With that said, we all have blind spots. We’re all capable of overlooking glaring red flags, falling for someone with bad intentions, or just making stupid decisions in the heat of lust. This is where that influence thing comes in again. Influence allows your partners to share their concerns with you and have their voices heard (and vice versa) without demanding that you choose one specific course of action.
That’s why you should talk to your partner about if it you have any legitimate concerns about someone they’re interested in. It’s also why you should listen if they bring up similar concerns about a prospective partner to you.
If your partner finds faults, concerns, or “red flags” in everyone you want to date, chances are there’s something deeper going on. They might be feeling jealous or insecure, or simply be having a hard time with trusting you to make good decisions for yourself. These are all common issues within polyamory, particularly – but not exclusively – when you’re newer to it.
If either of my partners raised a concern about someone I was interested in, though, I’d listen. This does not necessarily mean I’d always choose not to pursue the person in question. My eventual decision would depend on the circumstances and on a whole array of factors. But I would listen to my partner(s), I would hear their concerns, and I would give those concerns serious consideration. If I choose not to pursue the new connection as a result, that’s not veto power. That’s me making an informed decision based on all the information to which I have access.
My partners are smart and emotionally intelligent people who love me, know me very well, and have sound judgement. If they tell me they have a concern, I know that they legitimately do and are not simply trying to control or limit me.
The bottom line: what I will and won’t accept with regards to veto power, influence, and control
This card asks, “To what extent are you okay with your partner(s) having influence over your romantic and/or sexual connections with others?”
Ultimately, my answer is that I’m fine with them having a reasonable level of influence. I actually think that’s a good and healthy thing. What I won’t tolerate is anyone seeking to have control over my other connections, and I would be unlikely to stay long in a relationship with someone who wanted that control. Likewise, I want to have influence with my partners but I do not want to have control.
My answer to this question also depends, to a fairly significant extent, on what type of relationship we are talking about. My serious partners are always going to be far, far more important to me than one-off or casual hook-ups. This naturally means that they get a much higher level of priority and enjoy a greater degree of influence in the decisions I make and the ways I choose to operate.

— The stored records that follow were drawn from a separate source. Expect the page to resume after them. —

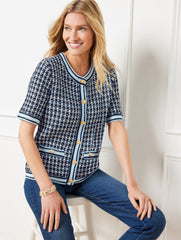 GOLDEN HONEY/WHITE|INDIGO/IVORY SHORT SLEEVE CARDIGAN - TEXTURE PLAID | Talbots US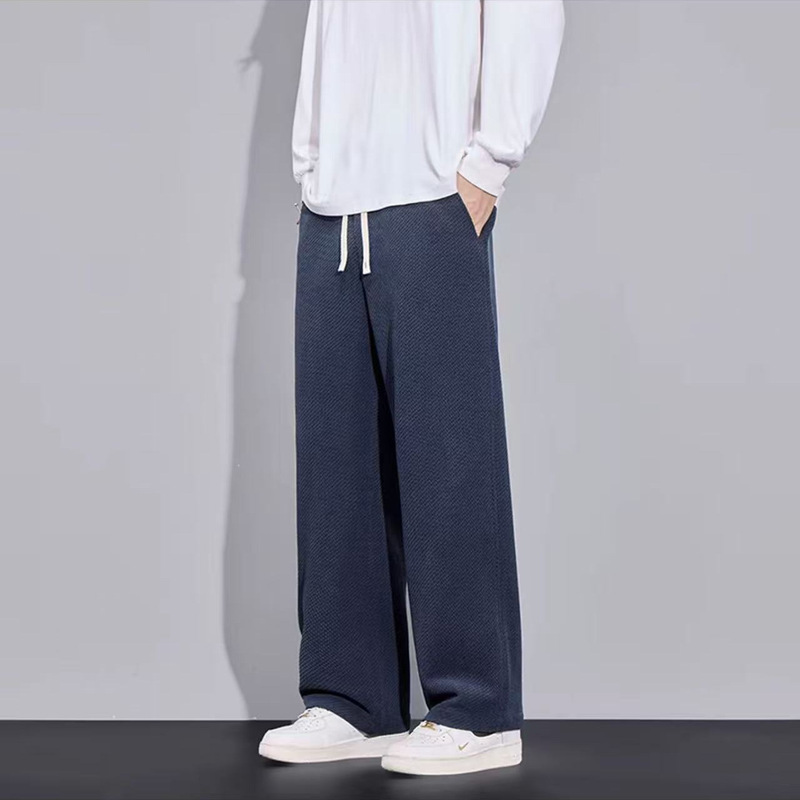 秋季新款斜纹针织休闲裤垂感挺括显瘦潮流直筒长裤宽松高品质男裤|undefined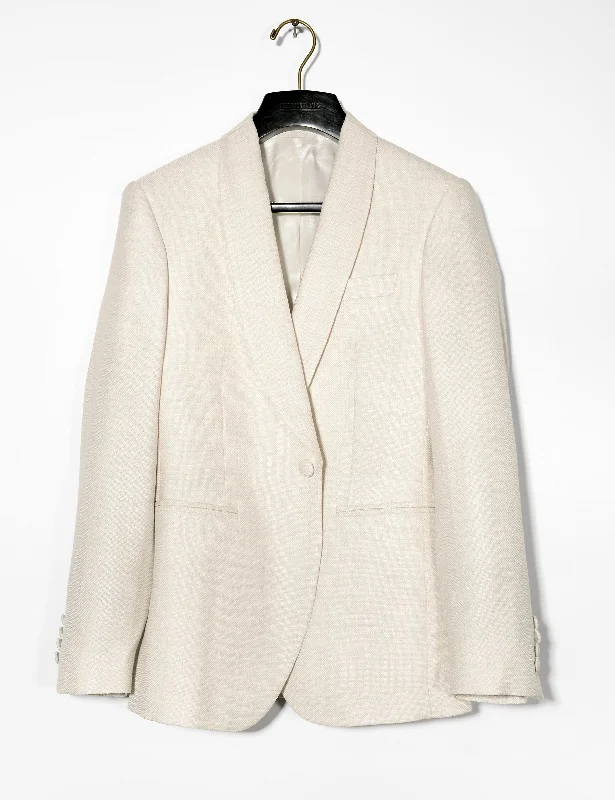 Men's Suits with Plastic ButtonsBKT50 Shawl Collar Dinner Jacket in Silk & Wool Textured Weave - Ivory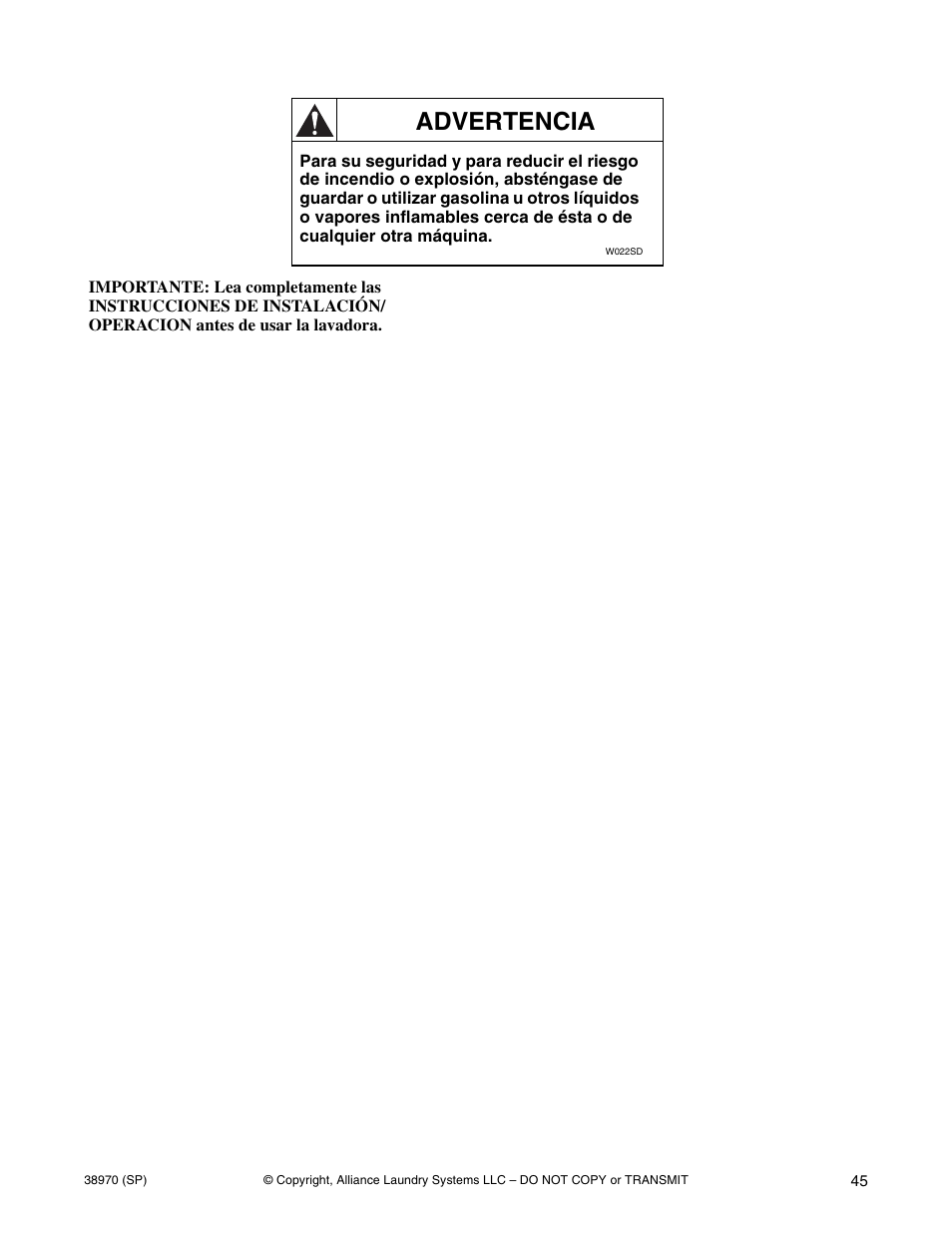 Advertencia | Speed Queen W446I User Manual | Page 47 / 92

What I won’t do, however, is accept veto power or be in a relationship with someone who has given that power to any of their other partners.
No-one gets to decide the reality, outcome, or direction of any of my relationships except me and the other person in it. I will never give anyone veto power or permission-granting/permission-refusing power over any aspect of other connections. But I will always take my partners’ needs and feelings into consideration and strive to make sure they feel loved, heard, and prioritised. Because no veto power does not mean no say.